Juíza recebe ação e dá prazo para partes se pronunciarem

A juíza da 3ª Vara da Fazenda Pública, Aline Daniele Belém Cordeiro Lucas, recebeu a ação civil pública de nº 001.09.030713-6, na qual o Ministério Público Estadual (MPE) pede a suspensão do processo para alienação e demolição dos prédios do Centro Administrativo e do Estádio Machadão, onde será construída a Arena das Dunas, planejada para sediar os jogos da Copa de 2014 em Natal.

A juíza abriu prazo de 72 horas para que o governo do Estado, a Prefeitura de Natal e Agência de Fomento do Rio Grande do Norte (AGN) se pronunciem sobre o pedido do MPE.

O prazo dado para o pronunciamento das partes envolvidas no projeto Copa 2014, passa da data prevista para o anúncio da escolha da empresa, o que deve acontecer amanhã à tarde, quando será feita uma sociedade com a AGN com a finalidade de escolher outra empresa a ser encarregada da construção propriamente dita do Arena das Dunas.

Ela só vai decidir depois que receber esses pronunciamentos por parte dos procuradores geral do Estado e do Município, Francisco de Sales Matos e Bruno Macedo Dantas, além da assessoria jurídica da Agência.

A ação judicial do Ministério Publico é com pedido de liminar para a suspensão imediata da contratação da empresa e da execução dos serviços. O MP alega que não houve transparência no edital publicado para contratação da empresa que vai ficar responsável pela parceria público privada, modalidade escolhida para a construção da arena onde serão realizados os jogos da Copa em Natal e pelos serviços de urbanização e edificação de novos prédios no Centro Administrativo.

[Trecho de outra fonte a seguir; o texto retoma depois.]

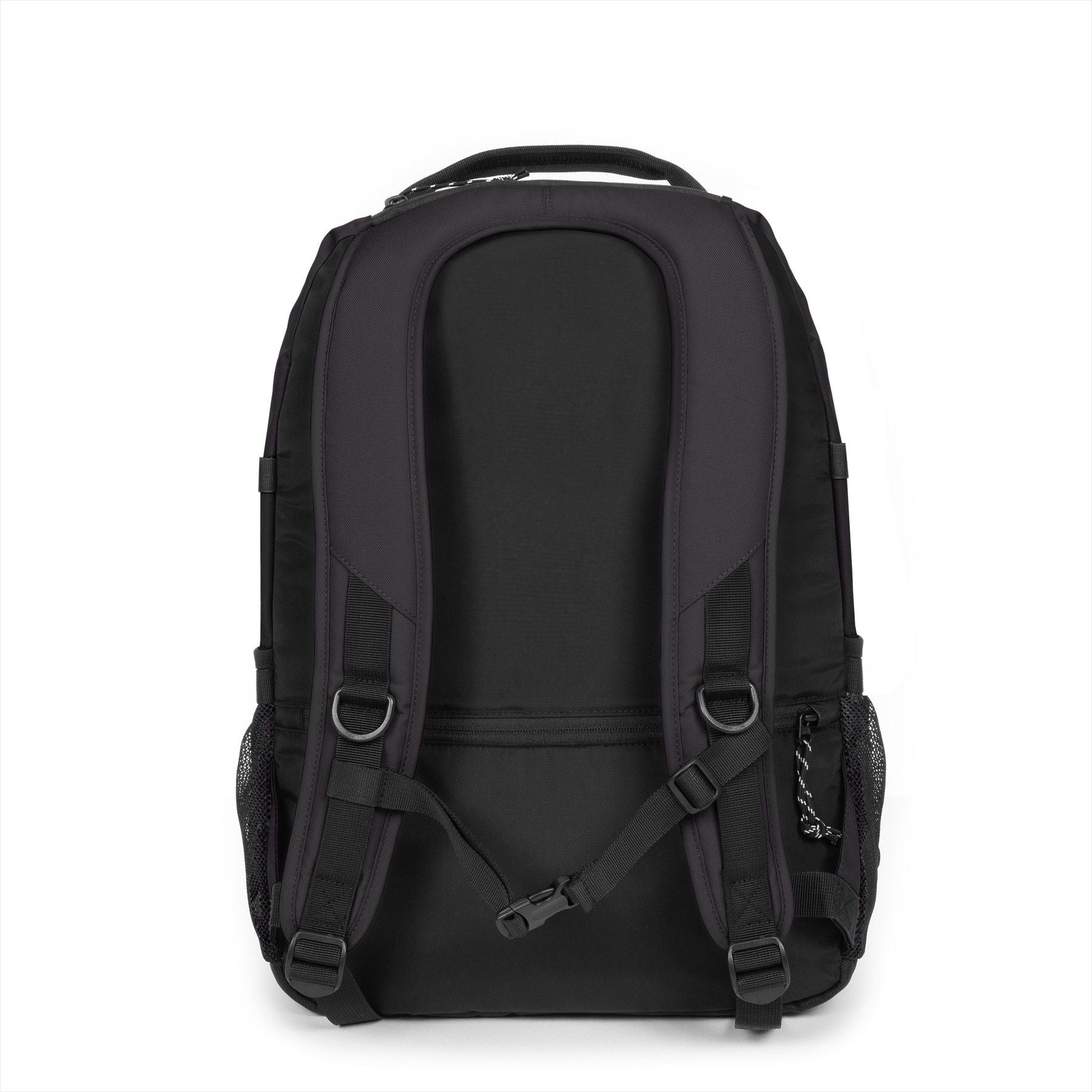 Volker Pro CS Black Pro (noir)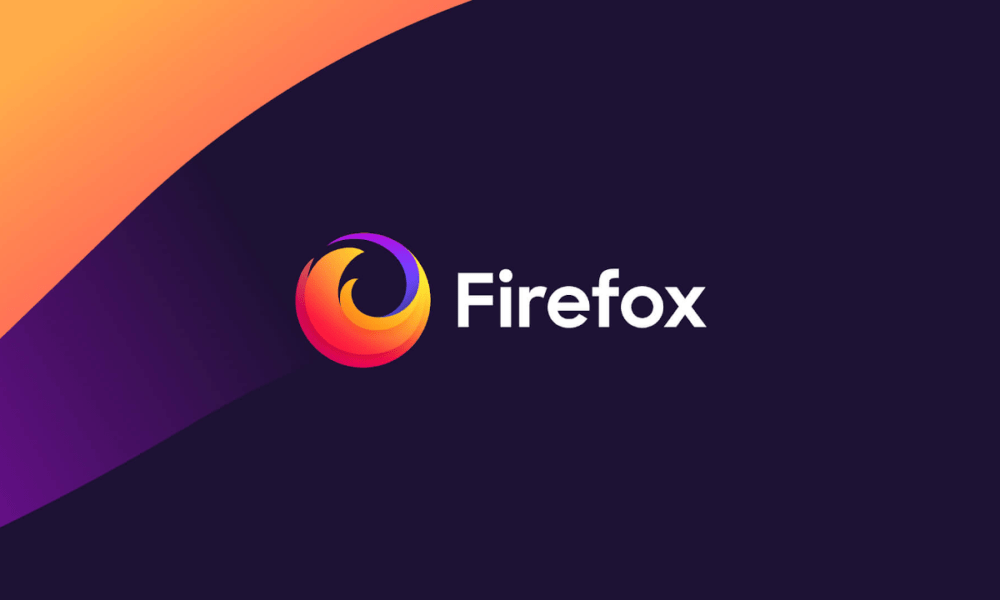 Las mejores extensiones para navegar de manera privada en Firefox
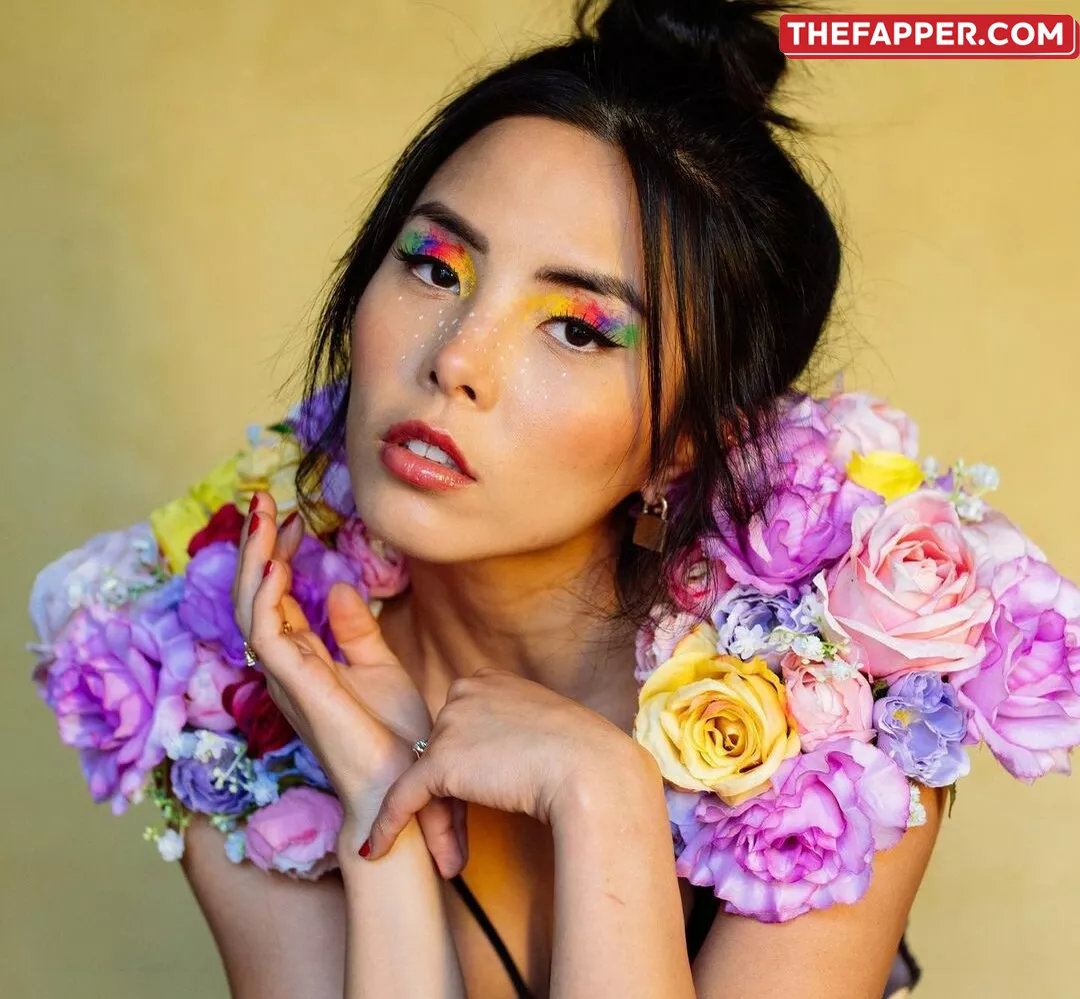 Anna Akana  Onlyfans Leaked Nude Image #bMJxMLPphO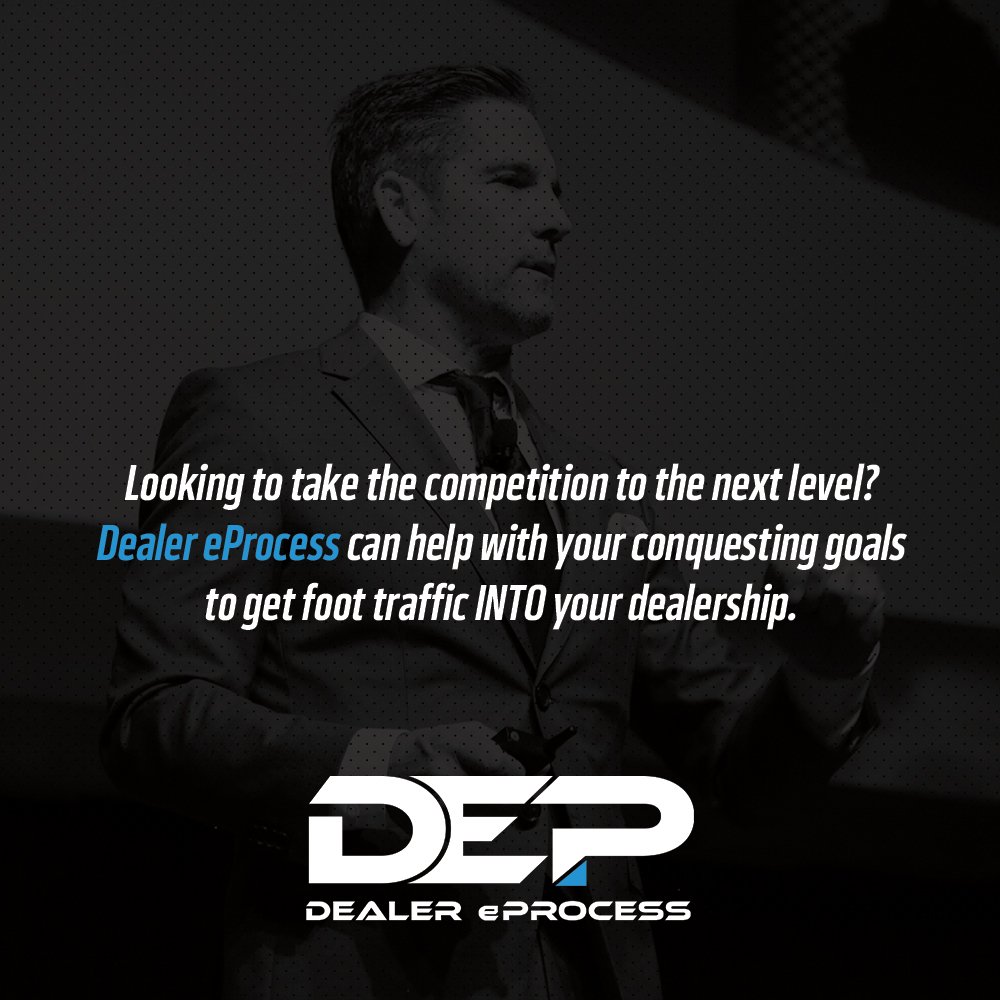 GrantCardone's tweet photo. Dominate your market with @dealereprocess
https://t.co/9daPiB39RZ
#automotive #websites #digitalmarketing #delaereprocess https://t.co/JgO0mvPHK6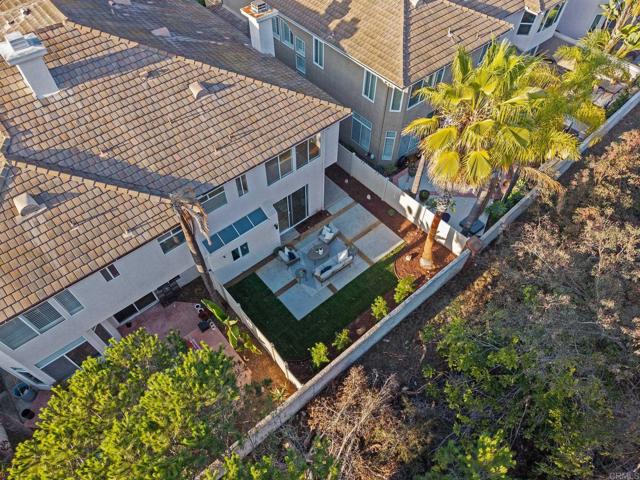 Detail Gallery Image 3 of 44 For 4615 Da Vinci St, Carmel Valley,  CA 92130 - 3 Beds | 3 Baths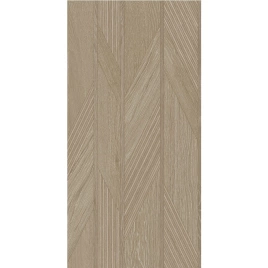 Керамогранит 120x60 Azuvi Woodart Maple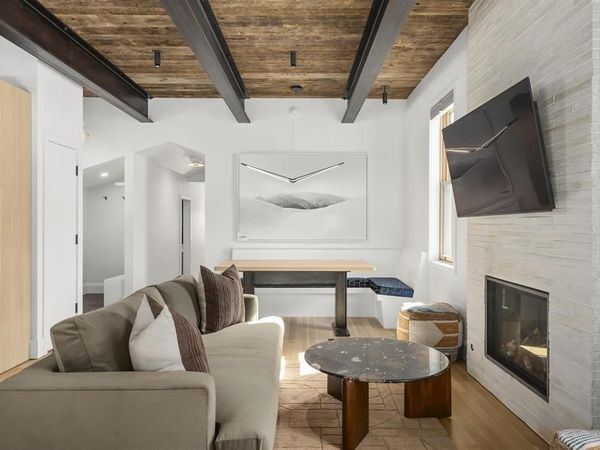304 Second Street, Crested Butte, CO 81224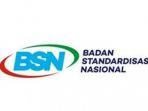 bsn-9102019.jpg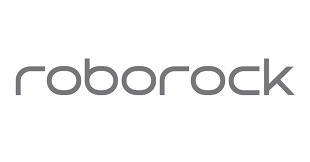 Vacuum Cleaner Accessory|ROBOROCK|Accessories Kit|For S8/S8+|8.02.0388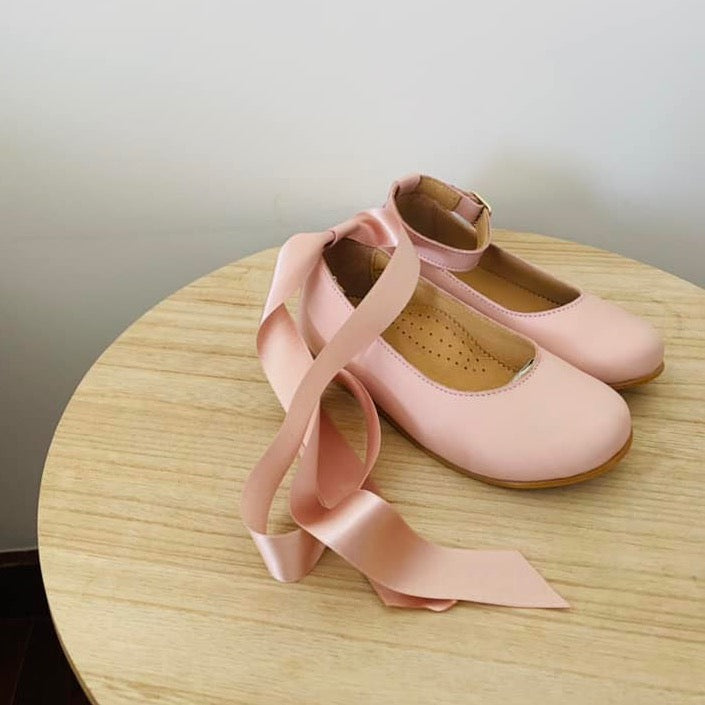 sapatos cerimonia menina2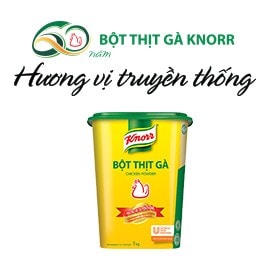 Whip up your creative recipe remake and get ready to win some prizes!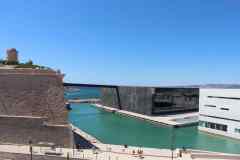 marseille-mucem-vu-de-la-rampe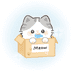 meow meow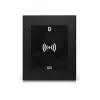 2N Access Unit 2.0 Bluetooth & RFID - 125kHz, 13,56MHz, NFC, compatível com PICard (9160345 )
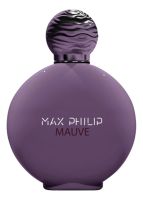 Mauve: парфюмерная вода 100мл уценка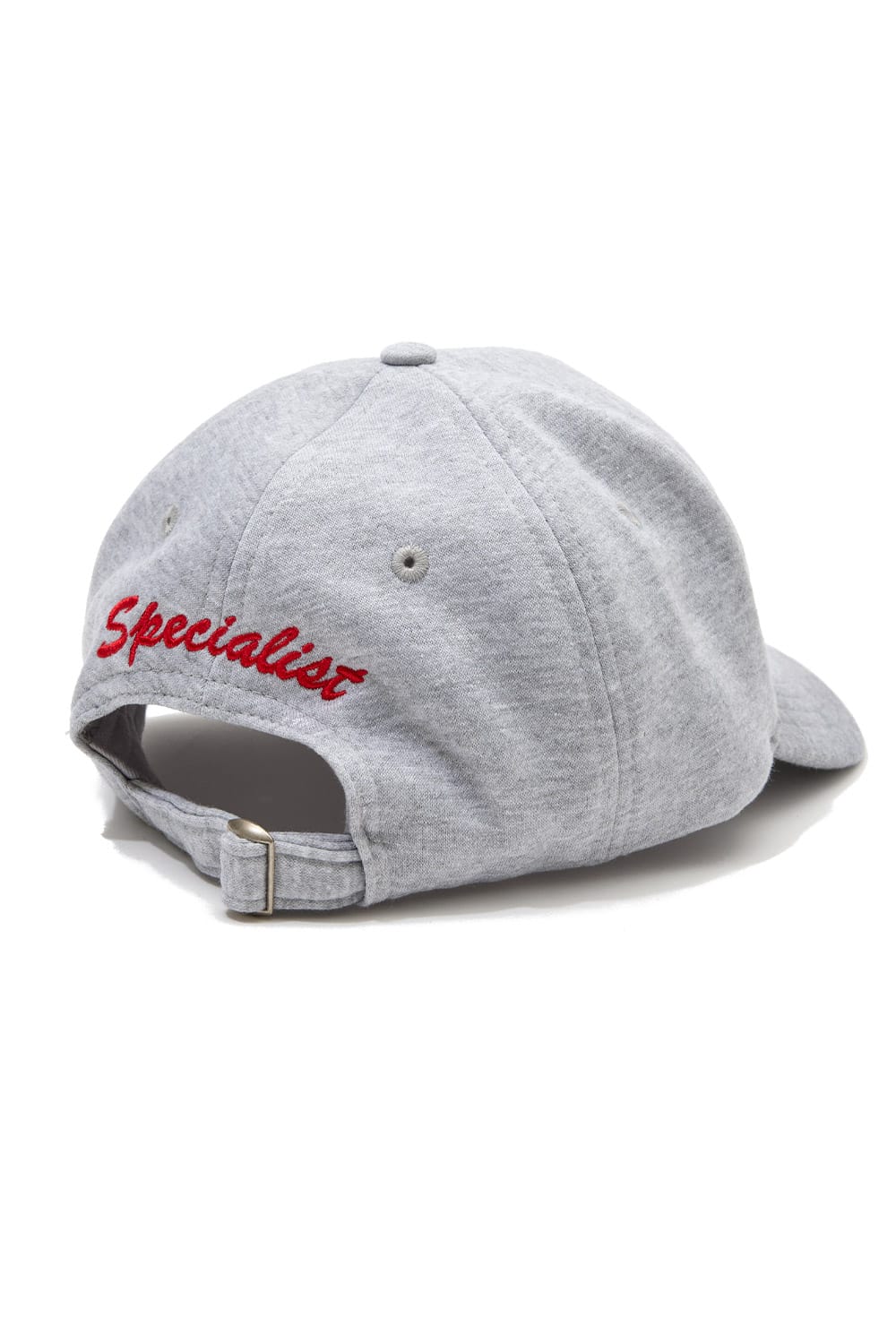 Jordan Craig Uptown Fleece Camp Cap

Para o Ministério Público, o processo até agora está obscuro e há dificuldade em se obter informações sobre a contratação da empresa e alienação do patrimônio público que será comprometido no projeto.

A juíza expediu ainda ontem as notificações para os governos estadual e municipal e para a AGN, e considerou que, antes de tomar uma decisão, mesmo de caráter liminar, precisa dar oportunidade para que as partes se pronunciem. “Antes de apreciar os requerimentos liminares pretendidos e, aplicando o disposto no art. 2º, da Lei nº 8.437, de 30 de junho de 1992, determino que seja ouvido previamente o representante judicial das pessoas jurídicas de direito público interno – o Procurador-Geral do Estado e do Município, bem como a Agência de Fomento do Rio Grande do Norte – AGN, no prazo de 72 (setenta e duas horas)”, afirmou a juíza Aline Daniele Belém Cordeiro Lucas no despacho.

O MPE pede para a Justiça que suspenda o processo de formação de uma Sociedade de Propósito Específico (SPE), a partir de uma associação entre a Agência de Fomento do Rio Grande do Norte (AGN) e uma empresa privada, a fim de gerenciar e executar as obras do estádio Arena das Dunas.

Para o coordenador do Grupo de Acompanhamento das Atividades da Copa (Gaep 2014), promotor João Vicente Vasconcelos, a realização de uma concorrência pública para contratação de uma empresa para construir o estádio das Dunas, não é entrave e nem empecilho para que Natal sedie jogos do Campeonato Mundial de Futebol, porque “já existem os exemplos de Manaus e Rio de Janeiro” que vão promover licitação pública de acordo com a lei 8.666/93, para contratar empresas encarregadas para construir o novo “Vivaldão” e modernizar o estádio do Maracanã, nessas duas capitais.